The Teachers’ Retirement System on Wednesday released the following statement:
Today the Chicago Tribune ran a front-page story “Teachers’ $40 B pension hole.” The article is wildly misleading and serves no other purpose than to scare teachers into thinking that their retirement checks are in jeopardy.
Rest assured that TRS will have enough money to pay pensions this year and for many decades to come. TRS has carried an unfunded liability since 1953 and has always paid retired teachers on time. We have never missed a pension check.
The “hole” is the $39 billion unfunded portion of the System’s total liability of $77 billion. But what the Tribune did was confuse the “mortgage” with the “mortgage payment.” The mortgage is $77 billion, but it never has to be paid off at one point in time.
TRS, however, has always been able to meet the annual cost of pension and benefits – the mortgage payment. In fiscal year 2010 the cost of pensions and benefits was $3.9 billion and total revenue was $6.8 billion. TRS collected more than enough money to cover those expenditures and that’s what happens in most years.
The total liability never comes due because active teachers cannot collect their pensions.

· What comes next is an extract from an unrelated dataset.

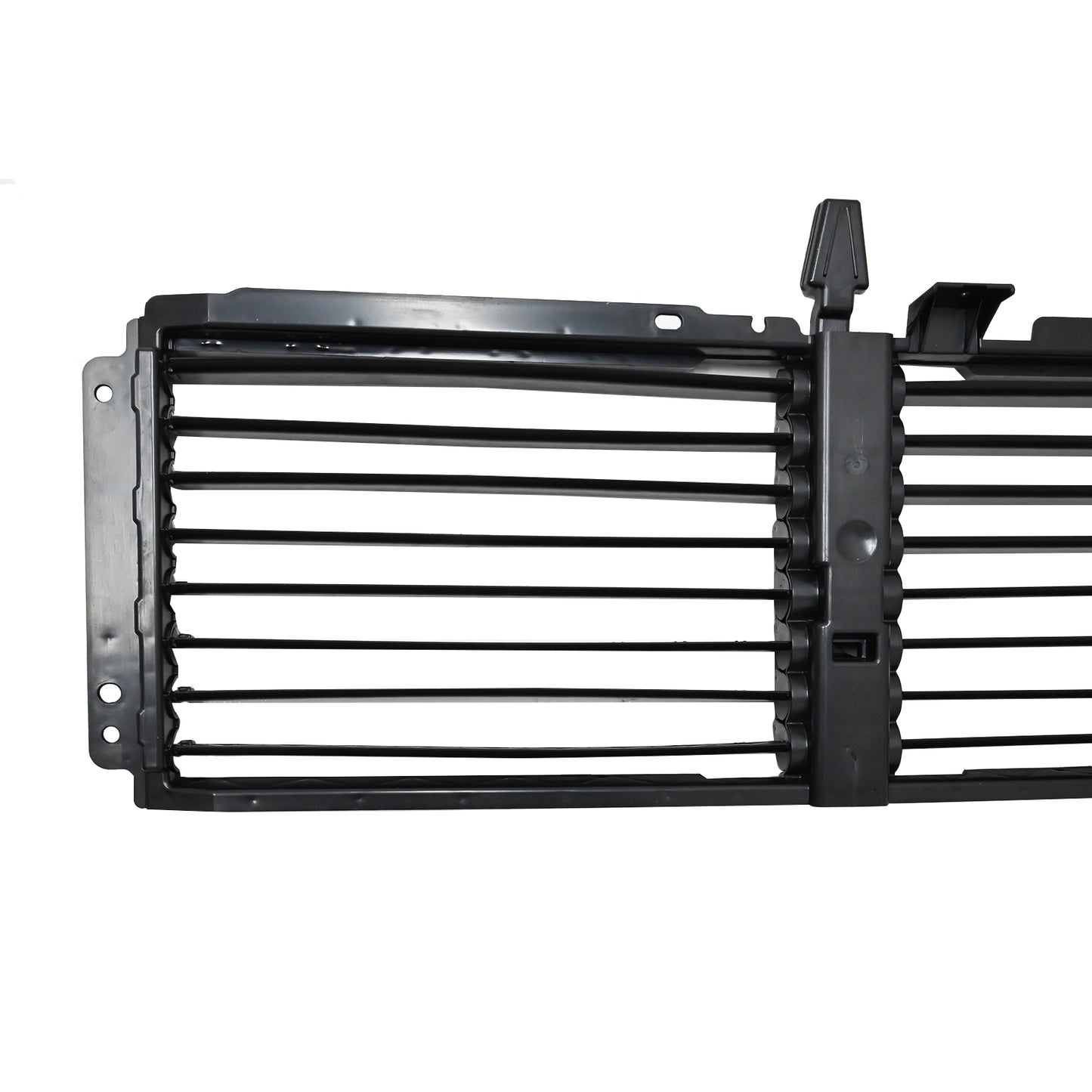 2PCS Upper + Lower Grille Shutter For 2018 -2024 GMC Chevrolet Equinox Terrain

The story says that Illinois teacher pensions “get higher benefits, on average, than government retirees in most pension plans.” The national average benefit is $30,642. The average TRS benefit is $40,798. While factually correct, it’s true in part because retired teachers don’t receive Social Security. Illinois teachers contribute more to their retirements than most teachers in other states. Plus, no one can consider $40,798 as an “extravagant” pension.
The TRS unfunded liability was created by state officials who since the 1950s have decided not to give TRS all of the money required to cover current and future pension obligations. As a result, TRS has never been given the opportunity to function as it was designed to function.

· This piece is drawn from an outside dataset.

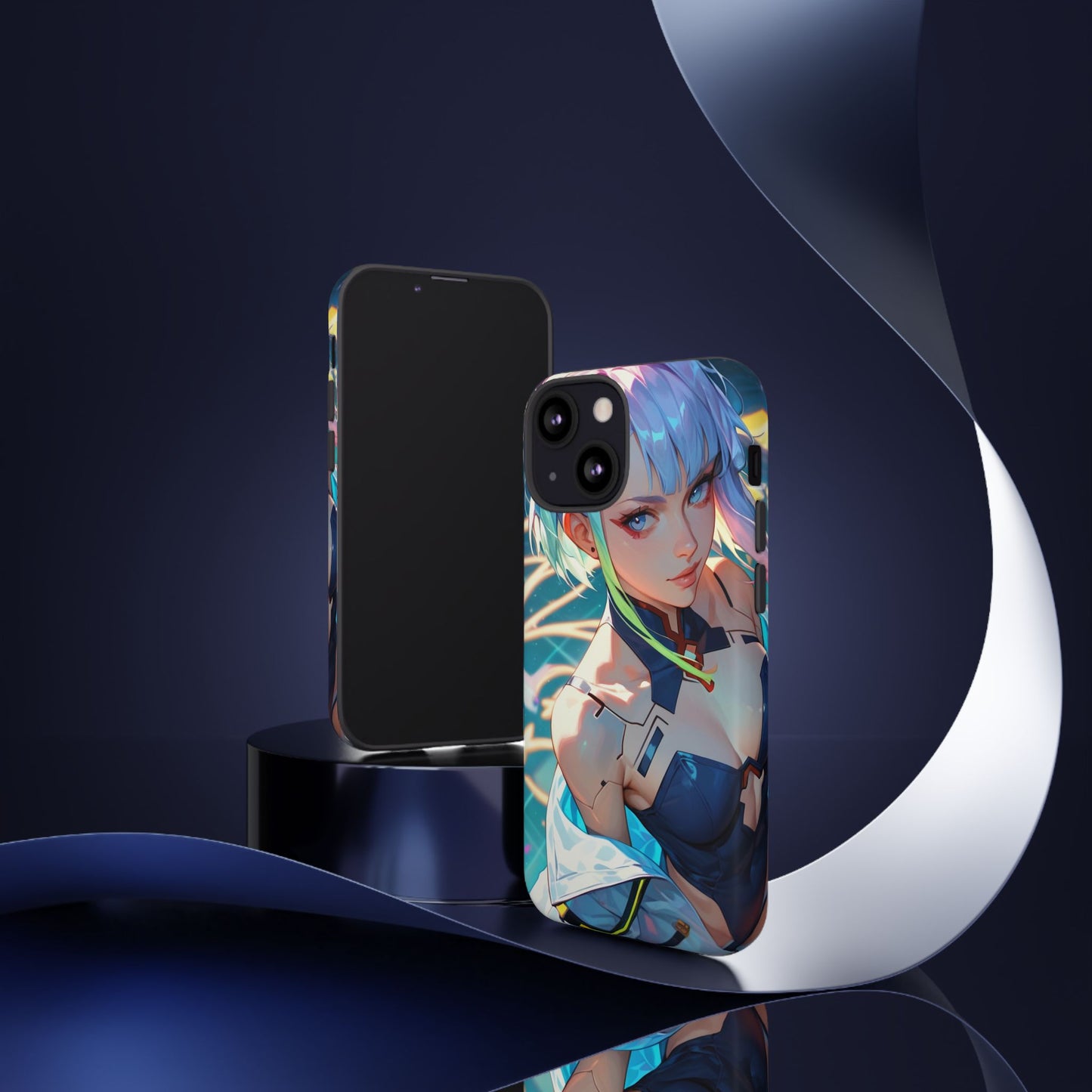 Lucyna 005 Tough Cases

A system that has been properly funded can expect to have investment earnings pay for 60 percent to 65 percent of benefits. It is estimated that the state has held back as much as $14 billion in funding from TRS over the years. Because TRS has not had this money to invest, the difference has to be made up with higher contributions from taxpayers.
Although TRS has exceeded its investment target over the last 25 years, investment income only pays for 49 percent of TRS benefits.